WHAT THE TASK REQUIRES — Reproduce the following material exactly, including every line.

DATA SUPPLIED —
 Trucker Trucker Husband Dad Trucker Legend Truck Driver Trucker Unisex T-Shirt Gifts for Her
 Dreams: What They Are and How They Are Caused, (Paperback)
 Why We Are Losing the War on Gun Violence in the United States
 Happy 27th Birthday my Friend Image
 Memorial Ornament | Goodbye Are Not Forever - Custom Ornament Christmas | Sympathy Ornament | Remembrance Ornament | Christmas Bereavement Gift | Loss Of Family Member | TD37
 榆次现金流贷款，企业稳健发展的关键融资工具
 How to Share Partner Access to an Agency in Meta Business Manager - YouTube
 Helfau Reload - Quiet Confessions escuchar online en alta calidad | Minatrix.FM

RESPONSE FOR THIS EXERCISE —
 Trucker Trucker Husband Dad Trucker Legend Truck Driver Trucker Unisex T-Shirt Gifts for Her
 Dreams: What They Are and How They Are Caused, (Paperback)
 Why We Are Losing the War on Gun Violence in the United States
 Happy 27th Birthday my Friend Image
 Memorial Ornament | Goodbye Are Not Forever - Custom Ornament Christmas | Sympathy Ornament | Remembrance Ornament | Christmas Bereavement Gift | Loss Of Family Member | TD37
 榆次现金流贷款，企业稳健发展的关键融资工具
 How to Share Partner Access to an Agency in Meta Business Manager - YouTube
 Helfau Reload - Quiet Confessions escuchar online en alta calidad | Minatrix.FM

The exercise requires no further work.